Electrochoc qui fait ressurgir une violence anesthésiée par un quotidien mortifère, et tout s’emballe ; le passé de Silvano revient par bribes, réveille ce mort-vivant de sa torpeur destructrice ; il lui faut penser, élaborer sa décision, pour finalement agir selon ce qu’il pense être légitime.
Ce récit à deux voix nous plonge dans la réflexion des deux protagonistes, chacun vivant une réalité au bord du gouffre ; réflexion guidée par des vagues contradictoires, des remous complexes qui deviennent vertigineux et nous aspirent.
C’est un roman noir haletant, incisif, surprenant, qui explore l’étrangeté de la douleur humaine, constitutive de notre humanité.

Valérie L.

Gianni Biondillo
Pourquoi tuons-nous ?

Joëlle Losfeld, 2006
Traduit de l’italien
[RP BIO]

Le roman retrace une année d’enquêtes de l’inspecteur Ferraro, flic milanais banal toujours à la limite de la dépression. Sa vie personnelle est un échec, alors il aborde son travail avec un humour particulièrement corrosif qui frise le cynisme.
Une série d’homicides, sans lien entre eux, ponctue la vie du policier. Du promoteur immobilier à la trafiquante de cigarettes, les assassinats sont complexes et le mènent jusqu’à la périphérie de la ville aussi bien dans la banlieue sinistrée que dans les quartiers huppés. A travers ces enquêtes, on part à la rencontre de la population milanaise et c’est un véritable panorama de la composition sociale et des enjeux politiques de la ville que nous offre le romancier.
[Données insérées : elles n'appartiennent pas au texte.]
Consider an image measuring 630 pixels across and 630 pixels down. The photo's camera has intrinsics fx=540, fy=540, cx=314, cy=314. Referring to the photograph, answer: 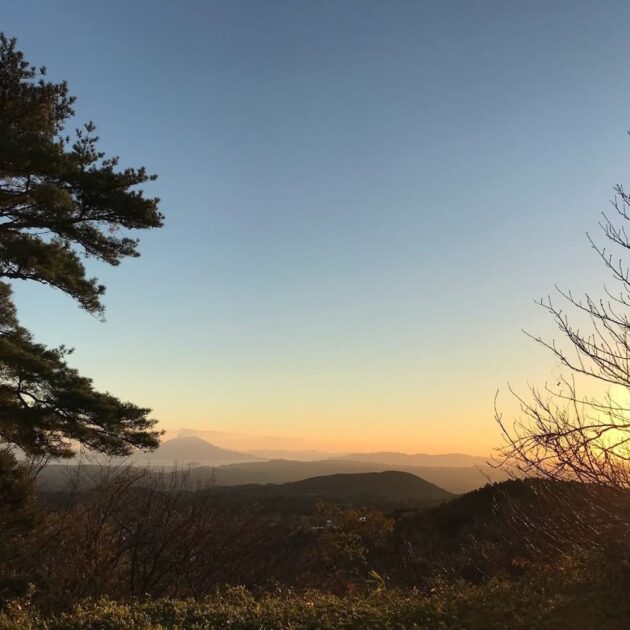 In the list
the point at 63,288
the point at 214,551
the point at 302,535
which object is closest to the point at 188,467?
the point at 214,551

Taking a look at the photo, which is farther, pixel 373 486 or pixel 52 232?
pixel 373 486

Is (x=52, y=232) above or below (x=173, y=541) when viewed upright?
above

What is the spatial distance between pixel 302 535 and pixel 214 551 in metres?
23.7

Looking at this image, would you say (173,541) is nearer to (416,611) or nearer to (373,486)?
(416,611)

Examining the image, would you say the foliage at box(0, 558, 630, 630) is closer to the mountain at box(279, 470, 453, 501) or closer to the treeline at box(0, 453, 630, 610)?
the treeline at box(0, 453, 630, 610)

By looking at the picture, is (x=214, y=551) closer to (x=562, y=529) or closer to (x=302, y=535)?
(x=562, y=529)

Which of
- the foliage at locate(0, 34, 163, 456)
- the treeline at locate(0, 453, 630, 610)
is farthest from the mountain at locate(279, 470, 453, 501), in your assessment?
the foliage at locate(0, 34, 163, 456)

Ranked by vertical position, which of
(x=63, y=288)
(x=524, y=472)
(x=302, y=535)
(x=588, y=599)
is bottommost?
(x=302, y=535)

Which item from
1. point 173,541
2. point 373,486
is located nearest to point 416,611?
point 173,541

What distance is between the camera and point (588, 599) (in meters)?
7.30

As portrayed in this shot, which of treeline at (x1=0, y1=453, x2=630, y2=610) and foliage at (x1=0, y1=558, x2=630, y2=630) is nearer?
foliage at (x1=0, y1=558, x2=630, y2=630)

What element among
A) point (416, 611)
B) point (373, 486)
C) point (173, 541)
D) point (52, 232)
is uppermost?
point (52, 232)

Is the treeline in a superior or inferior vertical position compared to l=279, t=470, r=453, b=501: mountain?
superior

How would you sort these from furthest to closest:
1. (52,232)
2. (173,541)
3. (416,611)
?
1. (173,541)
2. (52,232)
3. (416,611) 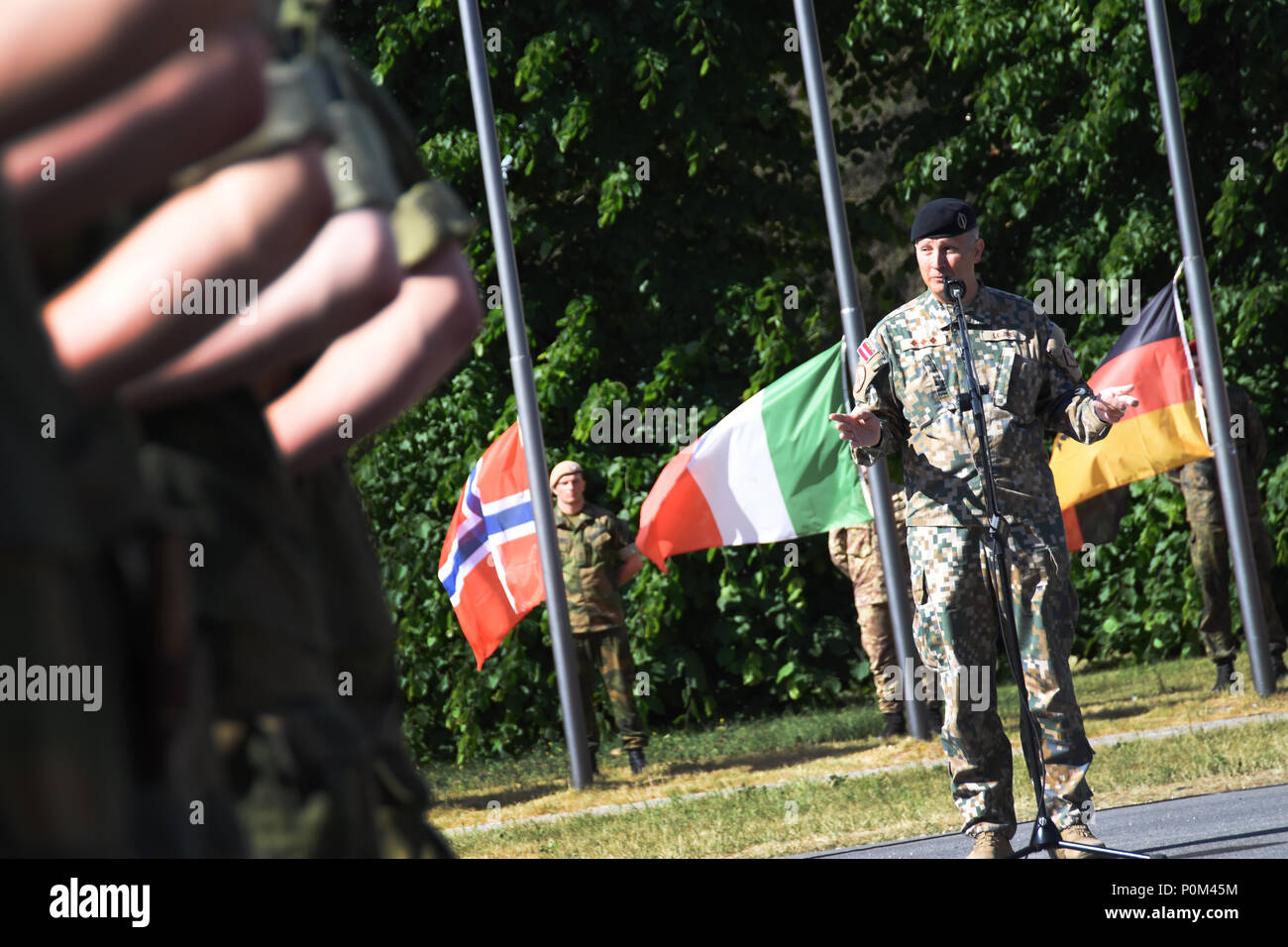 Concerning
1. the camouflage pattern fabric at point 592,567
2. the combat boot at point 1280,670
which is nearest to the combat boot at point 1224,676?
the combat boot at point 1280,670

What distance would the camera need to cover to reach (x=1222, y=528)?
462 inches

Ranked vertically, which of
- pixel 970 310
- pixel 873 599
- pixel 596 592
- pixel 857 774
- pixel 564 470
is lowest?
pixel 857 774

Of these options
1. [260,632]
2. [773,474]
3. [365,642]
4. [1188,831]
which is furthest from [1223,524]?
[260,632]

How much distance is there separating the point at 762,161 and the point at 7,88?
14.3 metres

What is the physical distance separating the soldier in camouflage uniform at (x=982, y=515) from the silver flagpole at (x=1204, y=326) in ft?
19.2

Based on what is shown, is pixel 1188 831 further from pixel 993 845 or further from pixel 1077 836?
pixel 993 845

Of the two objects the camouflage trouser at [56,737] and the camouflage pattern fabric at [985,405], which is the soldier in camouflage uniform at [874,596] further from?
the camouflage trouser at [56,737]

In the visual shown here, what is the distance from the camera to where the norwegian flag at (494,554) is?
1147 cm

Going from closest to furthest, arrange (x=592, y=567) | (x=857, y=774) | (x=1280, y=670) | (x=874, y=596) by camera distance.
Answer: (x=857, y=774)
(x=1280, y=670)
(x=874, y=596)
(x=592, y=567)

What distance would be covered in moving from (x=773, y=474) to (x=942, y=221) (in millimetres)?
5118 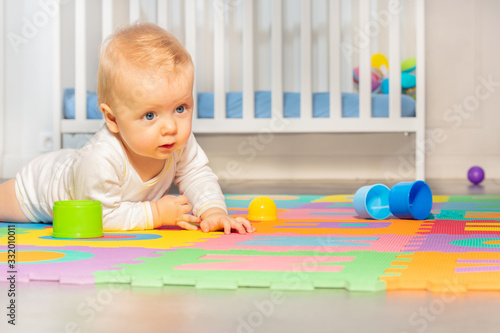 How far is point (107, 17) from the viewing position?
2396 mm

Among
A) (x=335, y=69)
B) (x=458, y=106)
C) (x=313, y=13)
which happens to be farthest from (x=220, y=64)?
(x=458, y=106)

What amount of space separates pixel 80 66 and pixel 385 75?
1269 millimetres

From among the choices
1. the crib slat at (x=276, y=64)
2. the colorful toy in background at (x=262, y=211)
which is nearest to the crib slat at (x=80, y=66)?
the crib slat at (x=276, y=64)

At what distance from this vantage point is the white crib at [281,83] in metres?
2.27

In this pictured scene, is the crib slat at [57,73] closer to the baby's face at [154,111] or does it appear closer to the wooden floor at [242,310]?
the baby's face at [154,111]

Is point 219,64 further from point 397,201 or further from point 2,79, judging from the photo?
point 397,201

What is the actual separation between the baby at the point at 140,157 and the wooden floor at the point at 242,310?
1.46ft

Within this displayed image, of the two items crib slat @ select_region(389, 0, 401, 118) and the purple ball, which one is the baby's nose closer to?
crib slat @ select_region(389, 0, 401, 118)

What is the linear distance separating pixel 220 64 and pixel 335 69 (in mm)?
421

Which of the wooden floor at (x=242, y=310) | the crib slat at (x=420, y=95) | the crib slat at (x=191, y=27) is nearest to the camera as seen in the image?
the wooden floor at (x=242, y=310)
Car Biondillo, architecte de formation, cherche bien à nous faire découvrir « l’âme » de sa ville dans ses aspects les plus agréables comme ceux les plus repoussants. C’est ce mélange qui est particulièrement réussi et, en posant le livre, le lecteur a assurément le sentiment d’avoir un peu percé la complexité de Milan.